Gena Wang: Okay. The guidance that will -.
Michelle Robertson: That will be in our reforecast of our cash runway.
Gena Wang: Okay. Sounds good. And the second question very quick, just I know you are committed to present a data 301 RUBY trial mid-year. What about the end of 2023, especially like ASH. Will you also provide some update there and thoughts on the timing and also number of patients?
Gilmore O’Neill: Yes. Thanks, Gena, I’m going to ask Baisong to answer that question, but confirm that we are planning to present updates both the middle of this year and at the end of this year. Baisong.
Baisong Mei: Yes, thanks Gena for the question. Yes, we will plan to have two data released for RUBY study. One is the middle of the year, and one is the end of the year. In terms of specific forum, we will share when we have more information. And we have not shared the number patient this point, but I just mentioned earlier we really have a strong momentum for the RUBY study as well as EDITHAL study. And we expect to have multiple patient data for the data release.

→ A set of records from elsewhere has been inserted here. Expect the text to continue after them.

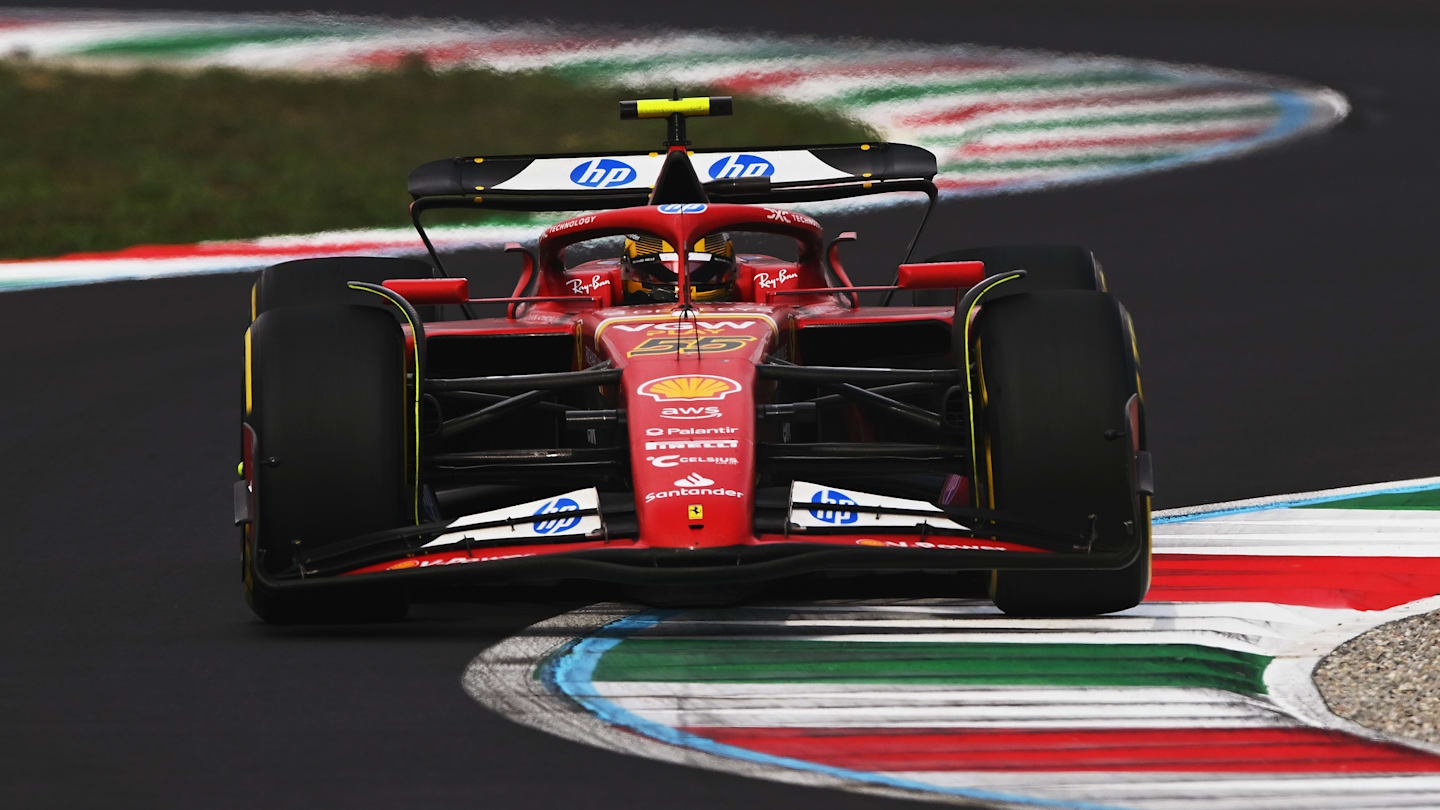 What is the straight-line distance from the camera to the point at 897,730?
634cm

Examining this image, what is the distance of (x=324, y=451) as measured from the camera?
770cm

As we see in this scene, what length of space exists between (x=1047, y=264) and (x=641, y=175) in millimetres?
1720

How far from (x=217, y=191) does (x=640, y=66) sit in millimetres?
4954

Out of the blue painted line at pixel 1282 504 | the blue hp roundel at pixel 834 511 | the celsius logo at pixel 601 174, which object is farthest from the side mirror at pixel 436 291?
the blue painted line at pixel 1282 504

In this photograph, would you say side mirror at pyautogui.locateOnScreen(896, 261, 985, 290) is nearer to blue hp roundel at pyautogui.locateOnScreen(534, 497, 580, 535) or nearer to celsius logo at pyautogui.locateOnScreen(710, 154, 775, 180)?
celsius logo at pyautogui.locateOnScreen(710, 154, 775, 180)

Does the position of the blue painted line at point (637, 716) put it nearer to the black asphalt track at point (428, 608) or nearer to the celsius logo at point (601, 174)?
the black asphalt track at point (428, 608)

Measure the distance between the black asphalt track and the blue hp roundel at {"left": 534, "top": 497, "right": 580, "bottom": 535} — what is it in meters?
0.39

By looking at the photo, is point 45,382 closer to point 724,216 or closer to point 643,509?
point 724,216

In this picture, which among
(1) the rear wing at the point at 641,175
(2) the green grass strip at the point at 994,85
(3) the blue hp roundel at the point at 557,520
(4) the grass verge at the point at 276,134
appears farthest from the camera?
(2) the green grass strip at the point at 994,85

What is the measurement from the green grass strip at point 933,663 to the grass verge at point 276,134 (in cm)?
1240

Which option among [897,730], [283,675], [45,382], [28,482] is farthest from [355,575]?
[45,382]

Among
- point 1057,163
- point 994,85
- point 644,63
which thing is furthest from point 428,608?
point 994,85

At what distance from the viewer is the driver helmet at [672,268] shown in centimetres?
970

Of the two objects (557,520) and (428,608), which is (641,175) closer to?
(428,608) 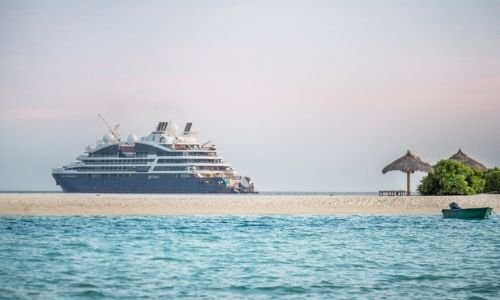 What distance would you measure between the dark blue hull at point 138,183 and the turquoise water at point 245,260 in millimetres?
70322

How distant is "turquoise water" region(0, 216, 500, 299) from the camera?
1925 centimetres

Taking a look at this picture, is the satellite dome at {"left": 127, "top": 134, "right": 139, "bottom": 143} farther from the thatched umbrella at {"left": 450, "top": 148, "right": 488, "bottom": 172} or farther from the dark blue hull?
the thatched umbrella at {"left": 450, "top": 148, "right": 488, "bottom": 172}

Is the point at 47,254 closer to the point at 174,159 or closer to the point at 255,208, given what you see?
the point at 255,208

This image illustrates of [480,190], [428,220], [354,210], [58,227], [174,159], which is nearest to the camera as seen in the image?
[58,227]

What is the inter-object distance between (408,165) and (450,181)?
5.33 metres

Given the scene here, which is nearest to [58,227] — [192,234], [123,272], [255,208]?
[192,234]

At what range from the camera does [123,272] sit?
21.9 meters

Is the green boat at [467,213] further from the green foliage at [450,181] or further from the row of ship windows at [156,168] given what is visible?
the row of ship windows at [156,168]

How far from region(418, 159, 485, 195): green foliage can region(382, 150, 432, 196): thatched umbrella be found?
85 cm

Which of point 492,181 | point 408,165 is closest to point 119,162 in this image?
point 408,165

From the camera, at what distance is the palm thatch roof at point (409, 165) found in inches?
2623

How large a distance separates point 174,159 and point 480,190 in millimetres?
56155

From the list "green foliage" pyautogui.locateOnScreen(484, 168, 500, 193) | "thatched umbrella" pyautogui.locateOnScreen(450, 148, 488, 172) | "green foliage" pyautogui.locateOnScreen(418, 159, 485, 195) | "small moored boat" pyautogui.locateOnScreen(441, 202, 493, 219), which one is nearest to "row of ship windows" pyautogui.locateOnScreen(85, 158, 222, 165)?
"thatched umbrella" pyautogui.locateOnScreen(450, 148, 488, 172)

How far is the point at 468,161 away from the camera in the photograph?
75.6 metres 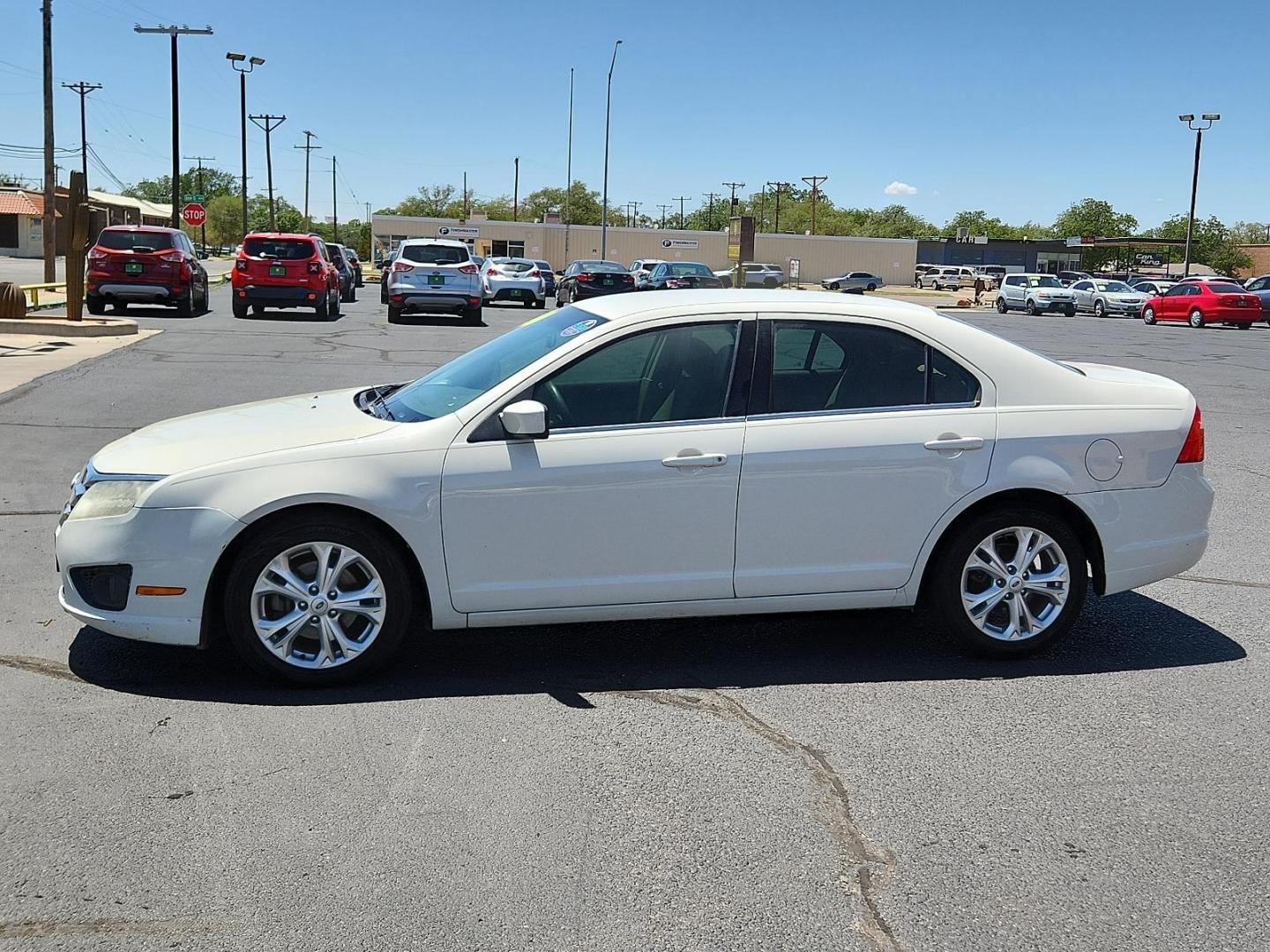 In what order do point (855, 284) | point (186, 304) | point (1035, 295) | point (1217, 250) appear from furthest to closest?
point (1217, 250), point (855, 284), point (1035, 295), point (186, 304)

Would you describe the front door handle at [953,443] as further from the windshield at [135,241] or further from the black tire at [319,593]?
the windshield at [135,241]

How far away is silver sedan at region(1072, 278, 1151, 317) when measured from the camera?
4912 centimetres

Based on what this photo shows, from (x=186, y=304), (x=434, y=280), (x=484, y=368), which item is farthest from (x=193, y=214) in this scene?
(x=484, y=368)

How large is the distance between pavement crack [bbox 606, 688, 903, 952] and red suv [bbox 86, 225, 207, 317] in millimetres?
23103

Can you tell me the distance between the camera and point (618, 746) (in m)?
4.49

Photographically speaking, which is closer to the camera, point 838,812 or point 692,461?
point 838,812

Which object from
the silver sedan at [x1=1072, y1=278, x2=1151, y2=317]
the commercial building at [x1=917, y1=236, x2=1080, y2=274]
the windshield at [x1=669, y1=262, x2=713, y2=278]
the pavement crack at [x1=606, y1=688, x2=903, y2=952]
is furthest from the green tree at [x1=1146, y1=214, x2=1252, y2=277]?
the pavement crack at [x1=606, y1=688, x2=903, y2=952]

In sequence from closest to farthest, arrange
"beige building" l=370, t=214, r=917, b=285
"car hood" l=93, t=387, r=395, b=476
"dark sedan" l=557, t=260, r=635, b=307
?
"car hood" l=93, t=387, r=395, b=476
"dark sedan" l=557, t=260, r=635, b=307
"beige building" l=370, t=214, r=917, b=285

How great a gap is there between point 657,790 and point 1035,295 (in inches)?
1879

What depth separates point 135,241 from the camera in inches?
1019

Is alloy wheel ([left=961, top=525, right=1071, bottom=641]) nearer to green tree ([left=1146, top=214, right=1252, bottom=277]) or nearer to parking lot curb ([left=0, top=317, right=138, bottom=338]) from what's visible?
parking lot curb ([left=0, top=317, right=138, bottom=338])

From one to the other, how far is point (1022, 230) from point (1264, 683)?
608ft

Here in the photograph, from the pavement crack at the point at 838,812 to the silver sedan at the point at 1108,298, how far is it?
47.1 metres

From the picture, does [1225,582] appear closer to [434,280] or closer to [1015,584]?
[1015,584] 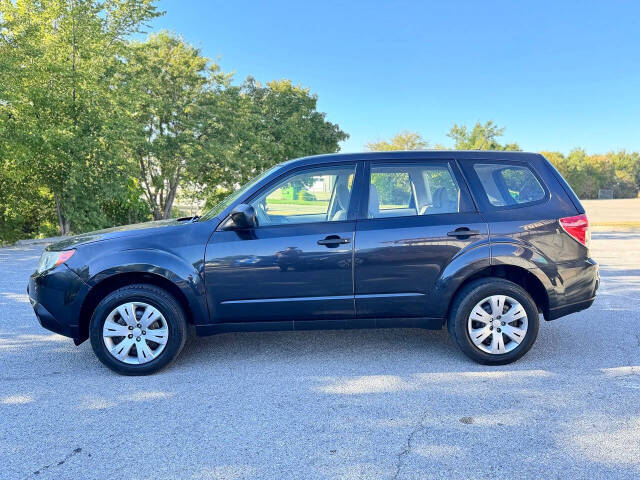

Gena Wang: Okay. And then lastly, very quick, in-vivo programs beyond HSC, what would be your top organ to explore?
Gilmore O’Neill: Thanks very much, Gena. We actually have taken the approach that we will use a sort of a balance of multiple factors in selecting our targets, our therapeutic targets, and for ergo the target tissues. And that will be a balance of the state of the technology, the probability of clinical regulatory and commercial success. And we look forward to sharing more specifics on that in the future.
Gena Wang: Thank you.
Gilmore O’Neill: Thanks very much
Operator: Our next question is from Rich Law with Credit Suisse. Please proceed.
Richard Law: Good morning and thanks for taking my question. So as you focus on in-vivo development, is there any renew interest in using CRISPR/Cas9 in addition to Cas12 for internal product development? Since the Cas9 life technology is arguably more mature from the development progress by other companies. And then I have a follow-up question to that.
Gilmore O’Neill: Thanks very much, Rich. I have to say that our pipeline currently is focused on AsCas12a, we believe that the AsCas12a enzyme has some significant advantages. We actually also believe that now we have used it in the clinic. And actually, as Baisong has said, we have already edited multiple patients in addition to those already dosed. So we actually are building a clinical experience with AsCas12a. And from the point of its advantages we believe that and actually have data supporting that position that it has a higher efficiency and essentially higher fidelity with much less off-target editing. So a substantial advantages for moving forward.